Looks a bit better than the motorbike taxi drivers down the end of my road  :Smile:

----------


## Marmite the Dog

Did she sell you her starfish?

----------


## Wayne Kerr

> Did she sell you her starfish?


Starfish ... she was more like a mermaid on speed  :Smile: 
*
Anyway, back to the road ...* 

After about a week at the Saigon-Phu Quoc Resort and too many pissy nights, my plan was to spend another week exploring some of the Island's coast by boat during the day. First step was to find a cheap hotel to hang my hat. The Kim Phung Hotel in the town centre looked good enough and was a bargain at US$8 a night.

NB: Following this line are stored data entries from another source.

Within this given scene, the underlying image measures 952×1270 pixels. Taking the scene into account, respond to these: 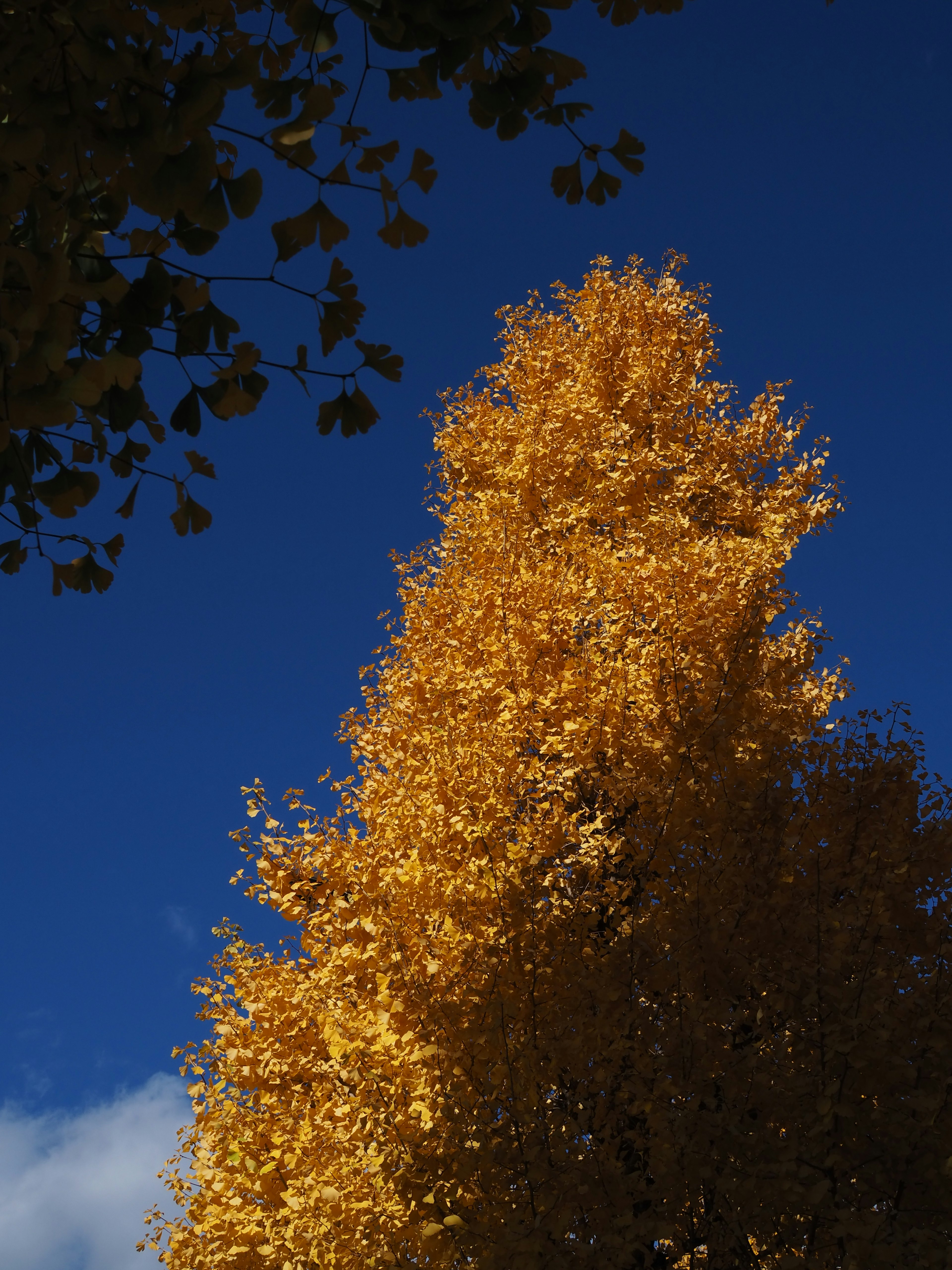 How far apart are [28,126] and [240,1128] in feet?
18.6

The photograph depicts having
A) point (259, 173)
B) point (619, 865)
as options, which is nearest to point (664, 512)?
point (619, 865)

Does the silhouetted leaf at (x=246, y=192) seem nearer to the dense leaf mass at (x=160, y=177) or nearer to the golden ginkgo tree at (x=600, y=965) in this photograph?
the dense leaf mass at (x=160, y=177)

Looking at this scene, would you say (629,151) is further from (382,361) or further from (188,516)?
(188,516)

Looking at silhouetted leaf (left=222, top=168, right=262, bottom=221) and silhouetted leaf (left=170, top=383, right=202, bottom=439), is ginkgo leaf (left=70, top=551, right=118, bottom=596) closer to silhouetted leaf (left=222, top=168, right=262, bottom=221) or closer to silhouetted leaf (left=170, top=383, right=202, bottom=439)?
silhouetted leaf (left=170, top=383, right=202, bottom=439)

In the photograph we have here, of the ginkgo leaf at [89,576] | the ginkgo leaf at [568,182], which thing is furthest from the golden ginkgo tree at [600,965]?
the ginkgo leaf at [568,182]

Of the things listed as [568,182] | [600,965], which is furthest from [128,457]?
[600,965]

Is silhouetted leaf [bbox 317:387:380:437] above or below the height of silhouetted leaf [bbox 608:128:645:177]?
below

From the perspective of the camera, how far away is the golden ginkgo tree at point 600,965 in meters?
4.34

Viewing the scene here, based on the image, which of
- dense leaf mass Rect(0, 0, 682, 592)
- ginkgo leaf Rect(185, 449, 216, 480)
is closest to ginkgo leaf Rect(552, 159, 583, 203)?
dense leaf mass Rect(0, 0, 682, 592)

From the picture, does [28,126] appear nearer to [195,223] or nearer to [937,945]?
[195,223]

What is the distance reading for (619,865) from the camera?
6363 mm

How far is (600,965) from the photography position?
5.18 meters

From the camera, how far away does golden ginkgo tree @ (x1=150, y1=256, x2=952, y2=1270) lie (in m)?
4.34

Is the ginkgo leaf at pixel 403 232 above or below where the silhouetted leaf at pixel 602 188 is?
below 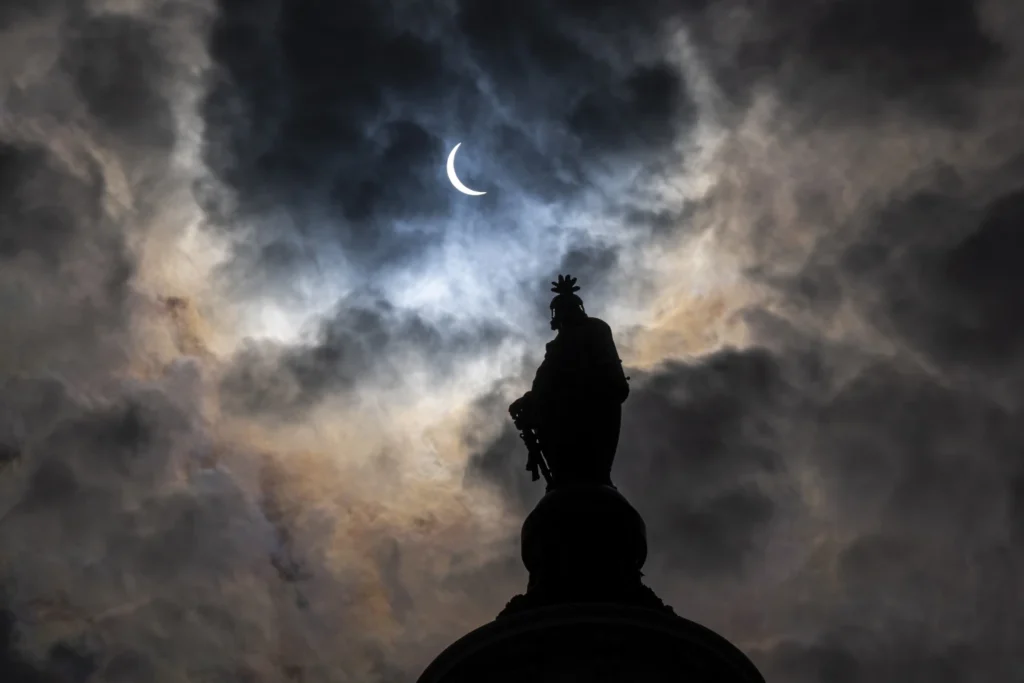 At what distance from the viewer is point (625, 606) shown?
13.8 metres

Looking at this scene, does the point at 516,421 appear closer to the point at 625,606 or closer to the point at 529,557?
the point at 529,557

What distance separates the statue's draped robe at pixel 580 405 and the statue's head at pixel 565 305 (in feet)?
2.53

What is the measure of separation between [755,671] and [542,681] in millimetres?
3018

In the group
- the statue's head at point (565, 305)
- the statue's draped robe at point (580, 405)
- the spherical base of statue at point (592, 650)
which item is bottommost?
the spherical base of statue at point (592, 650)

I ended up checking out of the place after a week and the total bill was less than 1 night at the resort.


^ The Kim Phung Hotel in downtown Phu Quoc


^ The rooms are up the back behind the hotel ... note to myself to be more careful of the steps when stumbling back home pissed next time  :Smile: .


^ Lovely little courtyard ... most guests sit around out here at night drinking and eating  :Smile: . 


^ Right in the middle of town in close proximity to plenty of cheap restaurants and beer shops ... a box of 24 cold cans of beer goes for about the same as 3 at the resort  :Smile: .


^ Room was small but clean and had air-con. Was about 40 degrees C most days and due to power restrictions on the island most places, including small hotels like this were without power from about 5.00pm-8.00pm ... this resulted in most people sitting around outside drinking cold beer until the aircon started working again.


^ Shots of dunnies seem quite common on here - so here's the bathroom at the Kim Phung  :Smile: .

----------


## buad hai

Lovely photos. Thanks again.

----------


## Wayne Kerr

The hotel move really took it out of me so I decided more seafood and beer was in order to replenish my energy levels. Found this great little restaurant … you buy your own seafood in the nearby market and they cook it up for you for next to nothing. Seems they make their money out of beer sales mainly.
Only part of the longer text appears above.